**YOUR OBJECTIVE:**
Everything from the line containing "エッセンシャル スフレ 雪肌精の使い方を徹底解説" through the line containing "Used 2020 Ford Escape Titanium image 13" in the listing below should be copied exactly, and nothing more.

**ENTRIES PROVIDED:**
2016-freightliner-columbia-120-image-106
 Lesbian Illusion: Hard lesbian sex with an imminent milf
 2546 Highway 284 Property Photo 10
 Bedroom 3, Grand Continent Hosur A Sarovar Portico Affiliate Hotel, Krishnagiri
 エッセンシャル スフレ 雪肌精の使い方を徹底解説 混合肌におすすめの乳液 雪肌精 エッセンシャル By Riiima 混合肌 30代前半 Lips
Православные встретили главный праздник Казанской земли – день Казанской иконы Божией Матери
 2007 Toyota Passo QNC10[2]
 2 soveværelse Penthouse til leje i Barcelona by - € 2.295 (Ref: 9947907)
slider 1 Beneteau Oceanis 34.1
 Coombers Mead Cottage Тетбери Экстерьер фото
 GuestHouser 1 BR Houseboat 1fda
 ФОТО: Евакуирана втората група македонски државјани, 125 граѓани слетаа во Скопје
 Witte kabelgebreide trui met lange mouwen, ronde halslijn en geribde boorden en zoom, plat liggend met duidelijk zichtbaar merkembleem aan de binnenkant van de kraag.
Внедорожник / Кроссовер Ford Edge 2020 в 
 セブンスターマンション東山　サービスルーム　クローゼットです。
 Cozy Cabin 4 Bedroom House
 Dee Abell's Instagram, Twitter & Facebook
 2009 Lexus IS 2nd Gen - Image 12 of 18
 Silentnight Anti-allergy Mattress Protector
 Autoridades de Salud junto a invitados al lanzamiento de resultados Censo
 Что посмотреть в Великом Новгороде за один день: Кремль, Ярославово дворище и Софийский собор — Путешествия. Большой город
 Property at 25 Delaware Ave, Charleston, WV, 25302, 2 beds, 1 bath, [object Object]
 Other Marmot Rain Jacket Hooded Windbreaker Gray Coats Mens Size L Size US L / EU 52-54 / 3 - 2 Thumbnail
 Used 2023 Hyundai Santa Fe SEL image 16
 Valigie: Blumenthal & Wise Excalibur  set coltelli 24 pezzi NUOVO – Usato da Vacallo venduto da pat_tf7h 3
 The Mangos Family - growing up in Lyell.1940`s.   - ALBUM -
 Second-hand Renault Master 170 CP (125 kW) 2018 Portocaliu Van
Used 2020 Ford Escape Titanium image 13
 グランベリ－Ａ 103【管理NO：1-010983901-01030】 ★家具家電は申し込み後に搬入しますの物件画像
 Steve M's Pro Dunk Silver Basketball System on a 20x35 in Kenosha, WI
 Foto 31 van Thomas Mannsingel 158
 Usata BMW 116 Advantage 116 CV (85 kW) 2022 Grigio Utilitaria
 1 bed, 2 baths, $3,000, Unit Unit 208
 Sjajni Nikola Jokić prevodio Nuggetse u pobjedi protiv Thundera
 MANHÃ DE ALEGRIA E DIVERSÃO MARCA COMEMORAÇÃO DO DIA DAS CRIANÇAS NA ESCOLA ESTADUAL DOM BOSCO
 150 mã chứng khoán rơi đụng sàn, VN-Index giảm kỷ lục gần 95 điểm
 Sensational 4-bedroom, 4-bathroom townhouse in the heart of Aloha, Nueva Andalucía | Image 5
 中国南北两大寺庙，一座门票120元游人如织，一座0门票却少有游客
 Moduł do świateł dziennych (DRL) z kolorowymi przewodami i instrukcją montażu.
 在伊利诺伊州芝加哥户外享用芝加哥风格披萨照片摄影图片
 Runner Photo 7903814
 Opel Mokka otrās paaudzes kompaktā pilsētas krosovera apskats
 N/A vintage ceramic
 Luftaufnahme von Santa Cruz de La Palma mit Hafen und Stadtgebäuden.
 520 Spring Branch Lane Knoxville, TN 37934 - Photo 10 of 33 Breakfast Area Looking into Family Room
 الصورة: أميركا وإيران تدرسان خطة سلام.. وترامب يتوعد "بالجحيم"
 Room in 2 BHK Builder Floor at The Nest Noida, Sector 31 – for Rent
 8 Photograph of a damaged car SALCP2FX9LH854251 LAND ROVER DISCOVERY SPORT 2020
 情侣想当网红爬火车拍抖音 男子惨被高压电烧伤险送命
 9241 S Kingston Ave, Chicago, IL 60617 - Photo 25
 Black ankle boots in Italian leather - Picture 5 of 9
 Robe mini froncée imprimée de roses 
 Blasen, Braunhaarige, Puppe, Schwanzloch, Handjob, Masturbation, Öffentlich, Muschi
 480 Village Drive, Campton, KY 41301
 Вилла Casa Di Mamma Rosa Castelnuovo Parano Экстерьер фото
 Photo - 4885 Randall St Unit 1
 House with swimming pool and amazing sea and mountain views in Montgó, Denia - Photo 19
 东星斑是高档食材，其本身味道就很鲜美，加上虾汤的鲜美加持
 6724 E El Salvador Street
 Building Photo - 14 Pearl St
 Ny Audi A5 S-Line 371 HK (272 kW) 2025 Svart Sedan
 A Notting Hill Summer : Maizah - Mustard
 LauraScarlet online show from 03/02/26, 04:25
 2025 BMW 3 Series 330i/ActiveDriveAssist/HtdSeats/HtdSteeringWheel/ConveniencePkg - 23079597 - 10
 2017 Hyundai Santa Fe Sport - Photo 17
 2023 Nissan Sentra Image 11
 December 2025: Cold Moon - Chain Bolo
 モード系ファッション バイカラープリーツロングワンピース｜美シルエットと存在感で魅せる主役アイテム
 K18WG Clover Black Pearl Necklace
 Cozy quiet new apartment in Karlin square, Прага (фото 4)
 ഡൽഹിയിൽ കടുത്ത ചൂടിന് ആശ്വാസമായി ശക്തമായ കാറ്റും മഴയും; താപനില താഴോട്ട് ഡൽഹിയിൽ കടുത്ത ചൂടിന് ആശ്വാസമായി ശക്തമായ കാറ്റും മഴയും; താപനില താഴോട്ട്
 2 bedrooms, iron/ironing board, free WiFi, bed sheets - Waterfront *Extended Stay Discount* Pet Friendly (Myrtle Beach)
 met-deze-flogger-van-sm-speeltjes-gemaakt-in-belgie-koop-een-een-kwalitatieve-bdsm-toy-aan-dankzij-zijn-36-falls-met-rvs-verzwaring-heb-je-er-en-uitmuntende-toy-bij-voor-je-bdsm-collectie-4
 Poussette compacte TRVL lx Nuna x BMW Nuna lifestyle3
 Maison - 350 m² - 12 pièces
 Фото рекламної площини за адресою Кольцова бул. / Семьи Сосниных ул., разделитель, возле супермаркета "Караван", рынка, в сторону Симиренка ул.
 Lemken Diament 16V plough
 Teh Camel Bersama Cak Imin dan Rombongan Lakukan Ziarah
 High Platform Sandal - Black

**THE COMPLETED TASK:**
 エッセンシャル スフレ 雪肌精の使い方を徹底解説 混合肌におすすめの乳液 雪肌精 エッセンシャル By Riiima 混合肌 30代前半 Lips
Православные встретили главный праздник Казанской земли – день Казанской иконы Божией Матери
 2007 Toyota Passo QNC10[2]
 2 soveværelse Penthouse til leje i Barcelona by - € 2.295 (Ref: 9947907)
slider 1 Beneteau Oceanis 34.1
 Coombers Mead Cottage Тетбери Экстерьер фото
 GuestHouser 1 BR Houseboat 1fda
 ФОТО: Евакуирана втората група македонски државјани, 125 граѓани слетаа во Скопје
 Witte kabelgebreide trui met lange mouwen, ronde halslijn en geribde boorden en zoom, plat liggend met duidelijk zichtbaar merkembleem aan de binnenkant van de kraag.
Внедорожник / Кроссовер Ford Edge 2020 в 
 セブンスターマンション東山　サービスルーム　クローゼットです。
 Cozy Cabin 4 Bedroom House
 Dee Abell's Instagram, Twitter & Facebook
 2009 Lexus IS 2nd Gen - Image 12 of 18
 Silentnight Anti-allergy Mattress Protector
 Autoridades de Salud junto a invitados al lanzamiento de resultados Censo
 Что посмотреть в Великом Новгороде за один день: Кремль, Ярославово дворище и Софийский собор — Путешествия. Большой город
 Property at 25 Delaware Ave, Charleston, WV, 25302, 2 beds, 1 bath, [object Object]
 Other Marmot Rain Jacket Hooded Windbreaker Gray Coats Mens Size L Size US L / EU 52-54 / 3 - 2 Thumbnail
 Used 2023 Hyundai Santa Fe SEL image 16
 Valigie: Blumenthal & Wise Excalibur  set coltelli 24 pezzi NUOVO – Usato da Vacallo venduto da pat_tf7h 3
 The Mangos Family - growing up in Lyell.1940`s.   - ALBUM -
 Second-hand Renault Master 170 CP (125 kW) 2018 Portocaliu Van
Used 2020 Ford Escape Titanium image 13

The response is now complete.